For one thing, the state of Deseret would have been enormous. Congress didn’t want a state that big and potentially powerful in the future. They also wanted more diversity in the government in Utah. What’s more, slavery was a contentious question in the United States at that time. Congress tried to keep a balance between slave states and free states so neither side would become too powerful. A state the size of Deseret would certainly upset that balance.

Instead of accepting Utah as a state, Congress set out two new territories: Utah and New Mexico. They would both be allowed to vote on whether to allow slavery in their territories or not. This was part of the Compromise of 1850. The federal government accepted Brigham Young as governor, but appointed both Mormons and non-Mormons to the other political positions in the Utah Territory. Utah kept working toward statehood.

Then things got complicated.

Polygamy

In 1852, word got out that some Mormons practiced polygamy: having multiple wives. There was no social media in those days, but word traveled as fast as it could given the available technology. Soon people across the nation were speaking out against statehood for Utah. The first Republican party platform talked about “twin relics of barbarism: polygamy and slavery.”

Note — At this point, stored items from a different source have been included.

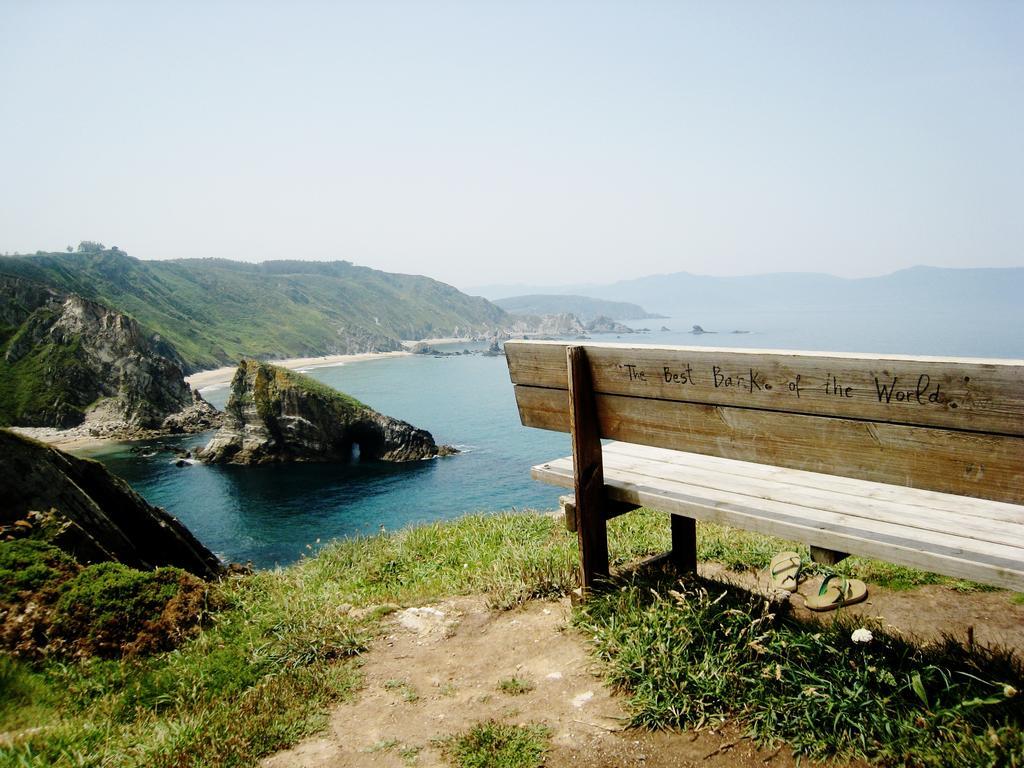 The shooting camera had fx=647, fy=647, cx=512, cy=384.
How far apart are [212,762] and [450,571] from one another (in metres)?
3.49

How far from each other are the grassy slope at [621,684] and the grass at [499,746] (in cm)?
53

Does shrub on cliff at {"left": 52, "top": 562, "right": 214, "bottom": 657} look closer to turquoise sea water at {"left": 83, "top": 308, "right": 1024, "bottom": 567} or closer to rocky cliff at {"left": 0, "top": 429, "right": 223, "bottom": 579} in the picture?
rocky cliff at {"left": 0, "top": 429, "right": 223, "bottom": 579}

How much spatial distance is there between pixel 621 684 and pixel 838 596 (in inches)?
85.8

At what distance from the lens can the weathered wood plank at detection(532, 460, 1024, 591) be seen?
8.64 ft

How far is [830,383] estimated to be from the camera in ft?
9.37

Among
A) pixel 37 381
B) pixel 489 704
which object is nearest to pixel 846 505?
pixel 489 704

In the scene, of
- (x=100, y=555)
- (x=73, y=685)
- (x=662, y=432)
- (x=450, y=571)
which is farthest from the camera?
(x=450, y=571)

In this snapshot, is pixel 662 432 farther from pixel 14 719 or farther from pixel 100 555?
pixel 100 555

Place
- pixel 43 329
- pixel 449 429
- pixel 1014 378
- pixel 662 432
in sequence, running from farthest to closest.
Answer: pixel 43 329
pixel 449 429
pixel 662 432
pixel 1014 378

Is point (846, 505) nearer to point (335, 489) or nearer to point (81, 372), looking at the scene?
point (335, 489)

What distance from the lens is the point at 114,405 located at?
65.2 meters

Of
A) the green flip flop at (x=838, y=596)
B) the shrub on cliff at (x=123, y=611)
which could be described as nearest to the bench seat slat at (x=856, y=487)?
the green flip flop at (x=838, y=596)

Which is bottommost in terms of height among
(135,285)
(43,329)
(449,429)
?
(449,429)

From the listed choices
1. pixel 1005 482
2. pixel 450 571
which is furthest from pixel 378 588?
pixel 1005 482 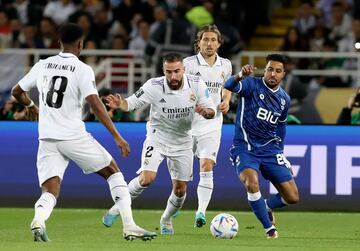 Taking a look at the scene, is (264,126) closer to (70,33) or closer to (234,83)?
(234,83)

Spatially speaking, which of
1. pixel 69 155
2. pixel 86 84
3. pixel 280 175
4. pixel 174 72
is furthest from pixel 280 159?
pixel 86 84

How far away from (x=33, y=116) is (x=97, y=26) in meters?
11.3

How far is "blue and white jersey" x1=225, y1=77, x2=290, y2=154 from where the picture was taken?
1347 cm

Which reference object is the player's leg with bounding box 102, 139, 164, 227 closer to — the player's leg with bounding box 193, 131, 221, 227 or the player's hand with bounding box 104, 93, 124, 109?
the player's leg with bounding box 193, 131, 221, 227

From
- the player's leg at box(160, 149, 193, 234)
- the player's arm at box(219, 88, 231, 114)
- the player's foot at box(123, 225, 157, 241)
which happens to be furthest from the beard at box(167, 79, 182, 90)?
the player's foot at box(123, 225, 157, 241)

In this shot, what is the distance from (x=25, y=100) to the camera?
12438mm

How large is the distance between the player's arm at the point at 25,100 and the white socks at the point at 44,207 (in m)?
1.04

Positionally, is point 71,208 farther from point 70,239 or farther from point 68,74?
point 68,74

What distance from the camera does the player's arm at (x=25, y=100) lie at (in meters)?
12.3

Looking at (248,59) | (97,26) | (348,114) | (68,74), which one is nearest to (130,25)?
(97,26)

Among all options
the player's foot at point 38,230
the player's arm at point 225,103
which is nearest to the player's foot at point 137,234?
Answer: the player's foot at point 38,230

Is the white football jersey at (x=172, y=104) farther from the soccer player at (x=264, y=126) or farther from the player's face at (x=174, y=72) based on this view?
the soccer player at (x=264, y=126)

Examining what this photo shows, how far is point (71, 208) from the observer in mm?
17234

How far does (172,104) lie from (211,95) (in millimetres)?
1431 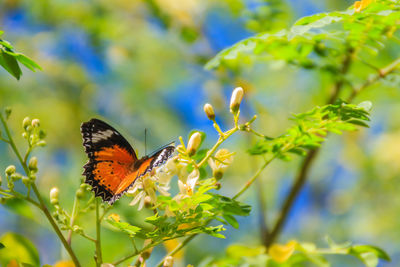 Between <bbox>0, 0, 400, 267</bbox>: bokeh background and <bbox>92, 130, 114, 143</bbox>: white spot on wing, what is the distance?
1708mm

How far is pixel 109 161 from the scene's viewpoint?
1226 millimetres

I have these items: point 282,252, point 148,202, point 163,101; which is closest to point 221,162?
point 148,202

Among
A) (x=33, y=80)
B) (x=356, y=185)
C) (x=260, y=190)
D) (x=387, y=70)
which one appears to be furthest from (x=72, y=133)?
(x=387, y=70)

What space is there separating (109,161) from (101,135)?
8 centimetres

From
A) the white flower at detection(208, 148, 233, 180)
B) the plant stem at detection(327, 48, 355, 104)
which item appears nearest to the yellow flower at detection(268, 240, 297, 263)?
the white flower at detection(208, 148, 233, 180)

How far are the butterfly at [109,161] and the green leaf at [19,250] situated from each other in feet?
0.84

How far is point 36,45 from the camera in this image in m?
3.51

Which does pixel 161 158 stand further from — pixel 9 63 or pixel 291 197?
pixel 291 197

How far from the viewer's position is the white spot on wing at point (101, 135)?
4.01 ft

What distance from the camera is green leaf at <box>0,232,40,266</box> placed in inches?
45.8

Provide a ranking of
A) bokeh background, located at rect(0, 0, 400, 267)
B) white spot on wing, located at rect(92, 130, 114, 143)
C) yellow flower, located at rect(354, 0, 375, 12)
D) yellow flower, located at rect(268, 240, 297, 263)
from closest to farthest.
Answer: yellow flower, located at rect(354, 0, 375, 12) < white spot on wing, located at rect(92, 130, 114, 143) < yellow flower, located at rect(268, 240, 297, 263) < bokeh background, located at rect(0, 0, 400, 267)

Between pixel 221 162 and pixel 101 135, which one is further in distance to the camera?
pixel 101 135

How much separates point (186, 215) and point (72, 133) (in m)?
3.05

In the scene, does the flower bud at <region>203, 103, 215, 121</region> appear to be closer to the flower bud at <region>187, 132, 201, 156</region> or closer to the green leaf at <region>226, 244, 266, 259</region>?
the flower bud at <region>187, 132, 201, 156</region> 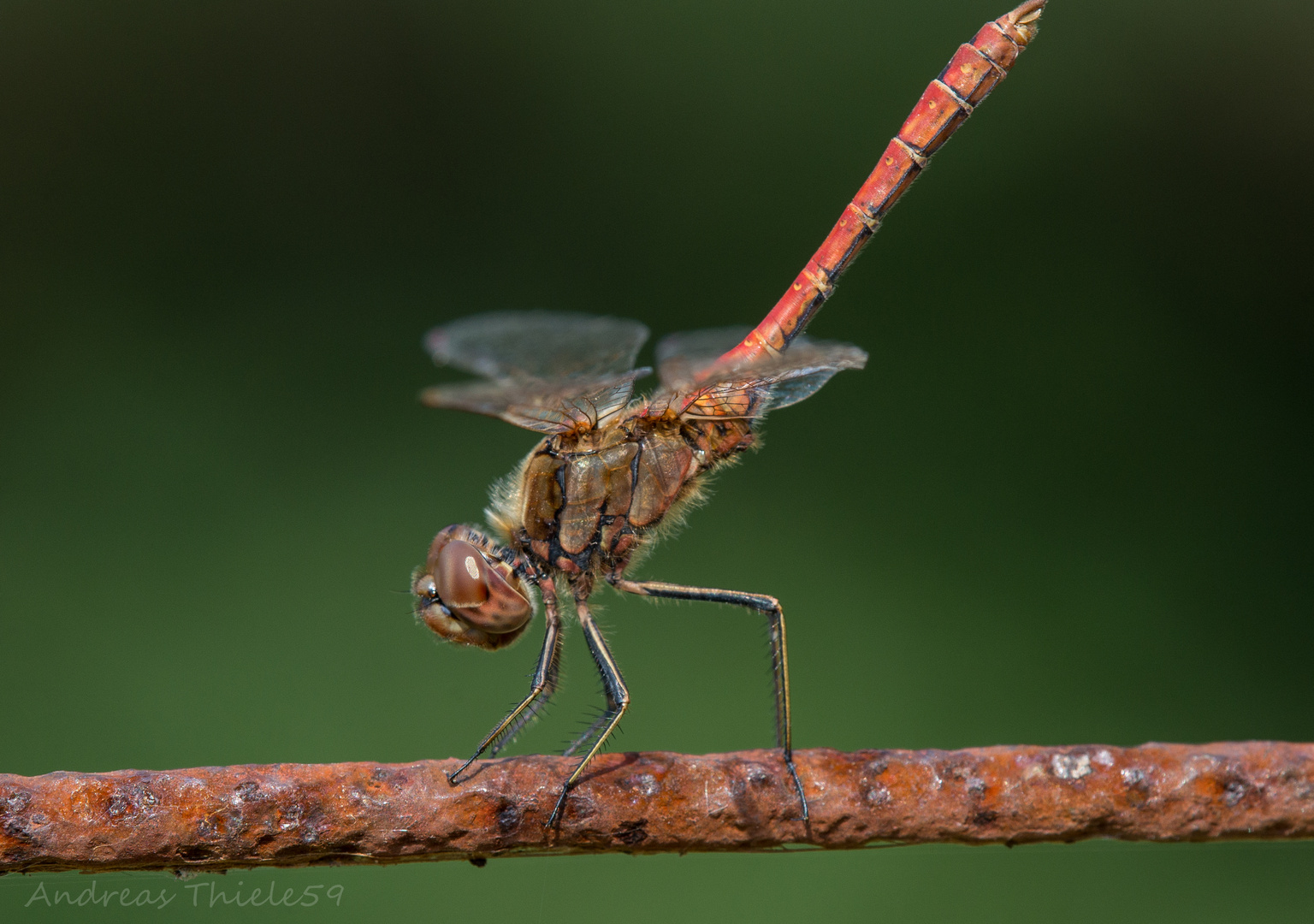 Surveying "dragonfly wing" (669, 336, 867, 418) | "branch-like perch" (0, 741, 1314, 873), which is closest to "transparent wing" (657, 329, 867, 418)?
"dragonfly wing" (669, 336, 867, 418)

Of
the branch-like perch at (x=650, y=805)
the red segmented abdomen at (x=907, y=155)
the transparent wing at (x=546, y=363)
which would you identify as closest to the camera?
the branch-like perch at (x=650, y=805)

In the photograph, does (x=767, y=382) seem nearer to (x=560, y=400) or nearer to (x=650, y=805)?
(x=560, y=400)

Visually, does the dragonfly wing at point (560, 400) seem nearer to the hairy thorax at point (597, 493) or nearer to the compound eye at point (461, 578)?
the hairy thorax at point (597, 493)

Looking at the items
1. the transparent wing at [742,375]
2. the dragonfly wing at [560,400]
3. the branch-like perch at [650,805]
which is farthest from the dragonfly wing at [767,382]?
the branch-like perch at [650,805]

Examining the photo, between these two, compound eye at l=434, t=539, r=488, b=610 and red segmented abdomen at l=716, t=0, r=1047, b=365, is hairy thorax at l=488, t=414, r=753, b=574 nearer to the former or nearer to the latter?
compound eye at l=434, t=539, r=488, b=610

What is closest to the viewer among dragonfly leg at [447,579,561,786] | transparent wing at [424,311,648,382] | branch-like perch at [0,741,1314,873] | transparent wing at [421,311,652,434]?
branch-like perch at [0,741,1314,873]

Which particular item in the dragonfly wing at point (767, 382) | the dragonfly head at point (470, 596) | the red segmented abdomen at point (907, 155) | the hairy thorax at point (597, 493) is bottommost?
the dragonfly head at point (470, 596)

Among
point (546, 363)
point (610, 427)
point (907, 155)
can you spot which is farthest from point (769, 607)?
point (907, 155) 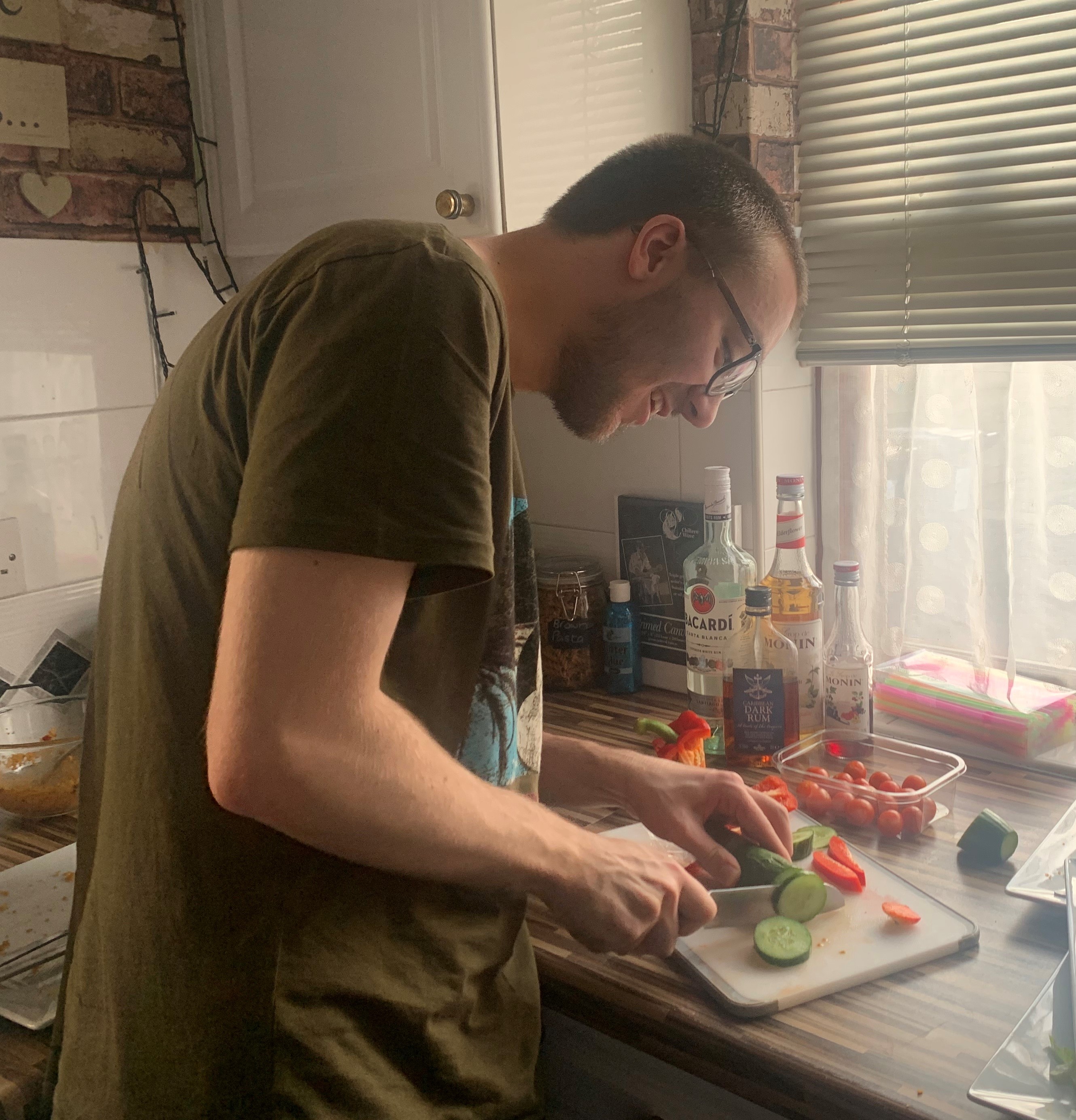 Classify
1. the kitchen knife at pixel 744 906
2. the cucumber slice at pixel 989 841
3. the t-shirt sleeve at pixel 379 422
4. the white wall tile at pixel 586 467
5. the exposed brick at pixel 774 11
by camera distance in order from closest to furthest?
the t-shirt sleeve at pixel 379 422 → the kitchen knife at pixel 744 906 → the cucumber slice at pixel 989 841 → the exposed brick at pixel 774 11 → the white wall tile at pixel 586 467

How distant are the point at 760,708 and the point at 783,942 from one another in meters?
0.46

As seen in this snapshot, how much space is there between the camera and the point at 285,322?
28.1 inches

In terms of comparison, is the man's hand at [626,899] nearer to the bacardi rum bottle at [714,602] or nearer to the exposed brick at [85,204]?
the bacardi rum bottle at [714,602]

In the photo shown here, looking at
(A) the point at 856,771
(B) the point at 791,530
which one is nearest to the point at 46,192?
(B) the point at 791,530

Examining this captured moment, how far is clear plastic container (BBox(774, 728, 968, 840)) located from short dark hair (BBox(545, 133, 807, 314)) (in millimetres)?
590

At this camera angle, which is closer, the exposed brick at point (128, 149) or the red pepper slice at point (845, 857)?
the red pepper slice at point (845, 857)

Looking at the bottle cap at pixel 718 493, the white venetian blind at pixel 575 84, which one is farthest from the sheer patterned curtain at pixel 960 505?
the white venetian blind at pixel 575 84

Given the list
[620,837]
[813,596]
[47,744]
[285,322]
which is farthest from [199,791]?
[813,596]

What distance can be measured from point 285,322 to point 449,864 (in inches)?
15.1

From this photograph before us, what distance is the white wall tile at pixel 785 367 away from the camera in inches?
60.9

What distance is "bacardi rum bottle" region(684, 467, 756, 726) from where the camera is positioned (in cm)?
148

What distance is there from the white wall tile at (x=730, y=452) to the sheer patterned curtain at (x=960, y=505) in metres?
0.15

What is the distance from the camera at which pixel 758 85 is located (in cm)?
148

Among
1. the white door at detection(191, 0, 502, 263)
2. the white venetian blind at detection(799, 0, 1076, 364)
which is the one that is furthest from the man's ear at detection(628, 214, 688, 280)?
the white venetian blind at detection(799, 0, 1076, 364) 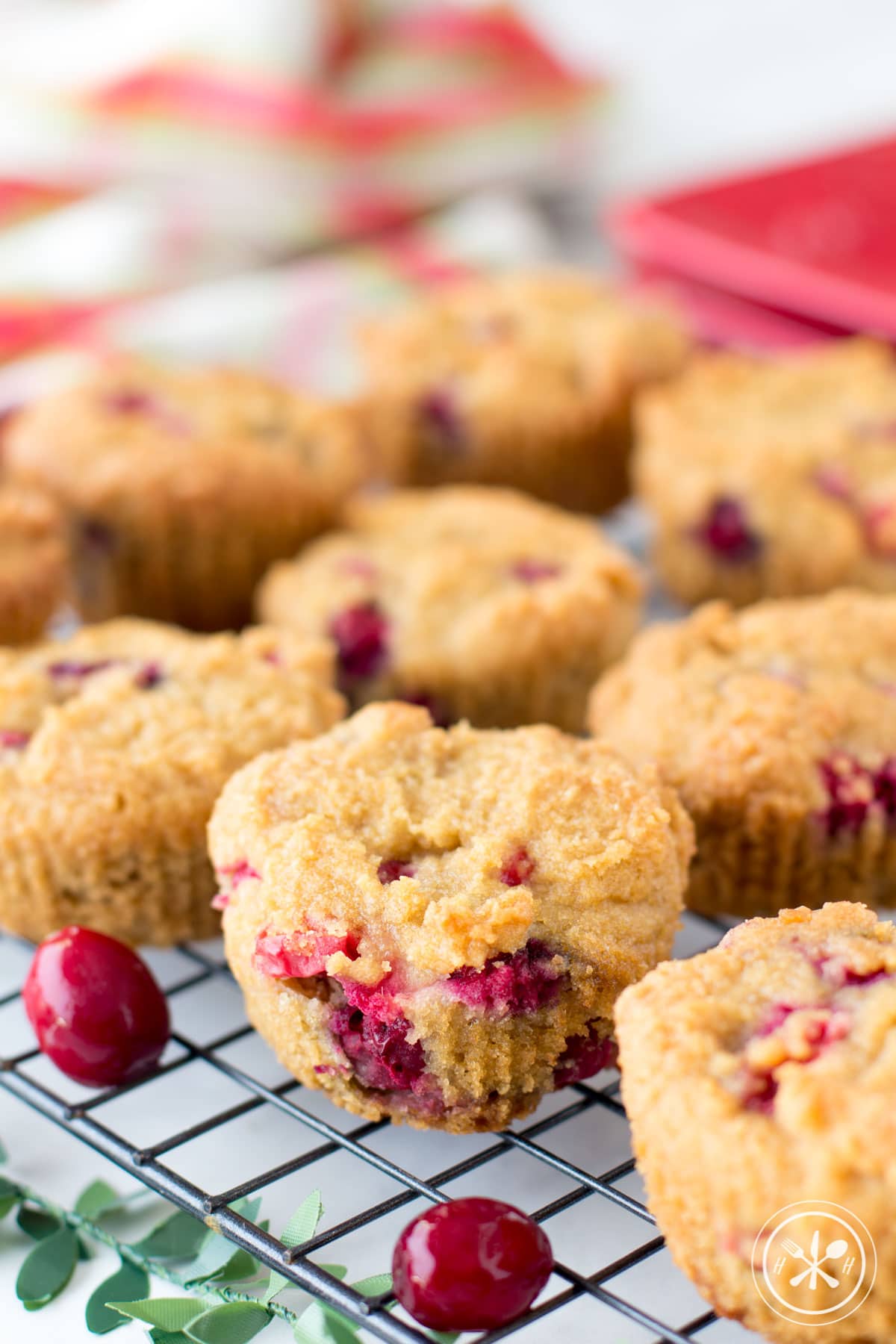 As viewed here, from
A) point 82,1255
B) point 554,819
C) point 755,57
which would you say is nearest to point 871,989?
point 554,819

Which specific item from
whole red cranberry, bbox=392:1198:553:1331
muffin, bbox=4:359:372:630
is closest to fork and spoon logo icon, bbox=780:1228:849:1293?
whole red cranberry, bbox=392:1198:553:1331

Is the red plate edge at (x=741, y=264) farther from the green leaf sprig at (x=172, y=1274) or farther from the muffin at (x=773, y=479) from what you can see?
the green leaf sprig at (x=172, y=1274)

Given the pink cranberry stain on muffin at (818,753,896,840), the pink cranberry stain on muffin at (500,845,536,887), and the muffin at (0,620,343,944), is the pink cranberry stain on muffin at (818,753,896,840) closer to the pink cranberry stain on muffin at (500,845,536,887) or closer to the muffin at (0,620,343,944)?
the pink cranberry stain on muffin at (500,845,536,887)

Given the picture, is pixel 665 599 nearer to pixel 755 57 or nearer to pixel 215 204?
pixel 215 204

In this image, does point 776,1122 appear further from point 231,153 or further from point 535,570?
point 231,153

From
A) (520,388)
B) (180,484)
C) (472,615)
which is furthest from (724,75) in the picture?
(472,615)

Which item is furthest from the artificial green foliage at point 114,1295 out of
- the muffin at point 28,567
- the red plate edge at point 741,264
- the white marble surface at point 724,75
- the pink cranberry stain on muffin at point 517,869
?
the white marble surface at point 724,75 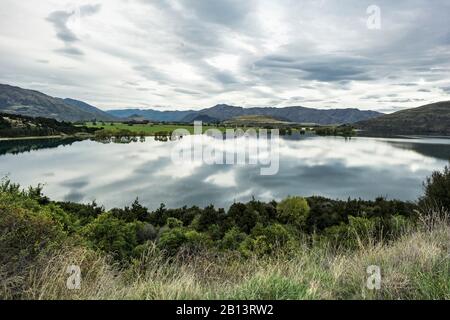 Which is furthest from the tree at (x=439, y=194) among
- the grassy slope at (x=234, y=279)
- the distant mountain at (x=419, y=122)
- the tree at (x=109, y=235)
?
the distant mountain at (x=419, y=122)

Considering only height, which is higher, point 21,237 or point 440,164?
point 21,237

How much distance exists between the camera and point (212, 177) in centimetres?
5203

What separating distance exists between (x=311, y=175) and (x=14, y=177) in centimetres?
4458

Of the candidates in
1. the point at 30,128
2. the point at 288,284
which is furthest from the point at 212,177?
the point at 30,128

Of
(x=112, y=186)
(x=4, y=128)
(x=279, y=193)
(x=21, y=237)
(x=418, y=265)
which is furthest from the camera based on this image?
(x=4, y=128)

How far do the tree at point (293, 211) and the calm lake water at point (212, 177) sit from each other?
7.55 m

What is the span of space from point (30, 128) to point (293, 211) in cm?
11955

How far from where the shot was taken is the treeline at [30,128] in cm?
11474

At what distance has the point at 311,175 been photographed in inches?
2127

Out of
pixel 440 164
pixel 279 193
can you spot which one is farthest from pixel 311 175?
pixel 440 164

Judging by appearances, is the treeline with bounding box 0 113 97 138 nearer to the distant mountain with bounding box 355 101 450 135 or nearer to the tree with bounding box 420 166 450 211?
the tree with bounding box 420 166 450 211

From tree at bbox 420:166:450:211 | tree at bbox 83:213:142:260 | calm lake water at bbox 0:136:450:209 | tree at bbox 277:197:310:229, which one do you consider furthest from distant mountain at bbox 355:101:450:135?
tree at bbox 83:213:142:260

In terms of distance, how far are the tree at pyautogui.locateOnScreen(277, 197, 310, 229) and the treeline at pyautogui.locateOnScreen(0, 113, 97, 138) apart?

Utah kept holding constitutional conventions and asking for statehood. Congress kept saying no. Meanwhile, the controversy over polygamy kept making headlines. Polygamy was outlawed in all U.S. territories. The argument went to the Supreme Court, which upheld that law. Congress made a law which disenfranchised — took the vote away from — polygamists. A number of polygamists were arrested. Congress took the vote away from Utah women.

Utah still wanted statehood, but was still unwilling to change their law.

President Grant said, “In nearly every annual message … I have called attention to the … scandalous condition of affairs existing in the Territory of Utah, and have asked for definite legislation to correct it.”

President Rutherford B. Hayes said, “Polygamy is condemned as a crime by the laws of all civilized communities throughout the world.”

As the railroad began bringing more new people into Utah, Mormons stopped being the majority in their territory. The controversy heated up. In 1887, a new constitution made polygamy illegal in Utah Territory… but a misdemeanor. Congress said no once again. Polygamy was a real obstacle to statehood.

In 1890, the president of the LDS (Mormon) church announced that he would “submit to those laws” and advised all Mormons to do so. In 1893, President Benjamin Harrison proclaimed amnesty for polygamists. In 1894, Congress passed an enabling act for Utah which said that they could become a state, but only if they made polygamy illegal.

Statehood

In 1895, Utah produced a constitution outlawing polygamy, and in 1896 Utah became a state at last.

For 50 years, Utah worked to become a state. They formally requested statehood over and over. One of the main reasons Utah wanted statehood was to have greater self-determination. “There’s a big difference between being a state and being a territory,” a Utah government history website claims. “A territory is kind of like a colony. As you remember, the early American colonists didn’t like being a colony of Britain! Neither did Utahns like being a territory of the United States.”

It was clear from the actions of the federal government in Utah’s territorial days that the federal government has complete power over a territory. Although the “commonwealth” party continues to peddle a fantasy in which Puerto Rico has some kind of special non-territorial relationship with the U.S. federal government, Puerto Rico’s relationship with the U.S. government shows that this is not going to happen.

Congress has said repeatedly that Puerto Rico is a territory like other territories and will never have a special relationship with the U.S. outside of statehood. The Supreme Court and other courts have said over and over (most recently in July, 2018) that Puerto Rico is a territory and completely under the power of Congress.

Just so, Utah tried for 50 years to create a special kind of statehood. They wanted to be able to have laws that contradicted the laws of the United States, and still to be a state. It didn’t happen.  When they gave up that fantasy, they were able to achieve their goal of statehood.

Puerto Rico’s challenges in gaining statehood are less severe than the challenges Utah faced. Tell your congressional reps that you favor statehood for Puerto Rico.